The change seems to have happened within the 19 release. I am currently on build 43 and this is the first time this happens. When I upgraded a major release in the past (maybe 2 years ago), I had to change all my where clauses because it did not pick the same order anymore. I don't think it has to do with indexes, because MI seems to build indexes on the fly when it realizes it would gain from it. It also does not seems to be due to the use of functions. It is more an issue of the following nature, let's imagine the following queries (A1, A2, B1 and B2 are all indexed):
select A.A1, A.A2, B.B2 from A, B where A.A1 = B.B1 into C
select A1, B2 from C where A2 = B2 into E1
select A.A1, B.B1, B.B2 from A, B where A.A2 = B.B2 into D
select A1, B2 from D where A1 = B1 into E2
select A.A1, B.B2 from A, B where A.A1 = B.B1 and A.A2 = B.B2 into E3
select A.A1, B.B2 from A, B where A.A2 = B.B2 and A.A1 = B.B1 into E4
Presumably, building E3 is equivalent of building E1 and building E4 is equivalent to building E2, unless it is the other way around.

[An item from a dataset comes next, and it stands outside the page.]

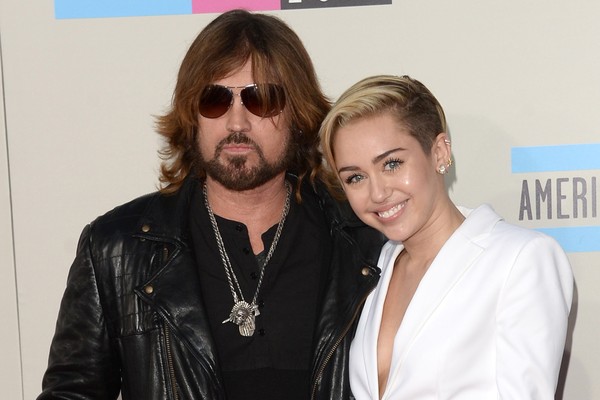 A relação de Miley Cyrus com seu pai não é bela como no seriado ‘Hannah Montana’. Billy Ray Cyrus culpa a série por todas as desgraças de sua família, e as desavenças entre pai e filha ficaram visíveis durante o divórcio de Billy da mãe de Miley (Foto: Getty Images)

Let's say that A has 3,000,000 records and B has 1,000,000 records, and E1, E2, E3, E4 only have 12,000 records (they are identical). Let's now say that C has 378,000,000 records and D has 53,000 records. Building E1 is 1000 times costlier than building E2. My current code generates E4, which used to be equivalent to generating E2 using the previous MI release. But now, it seems like it is equivalent to building E1. I will need to modify hundreds of queries in MapBasic, but I need to understand exactly how this works. I hope I get the attention of people who have access to that information.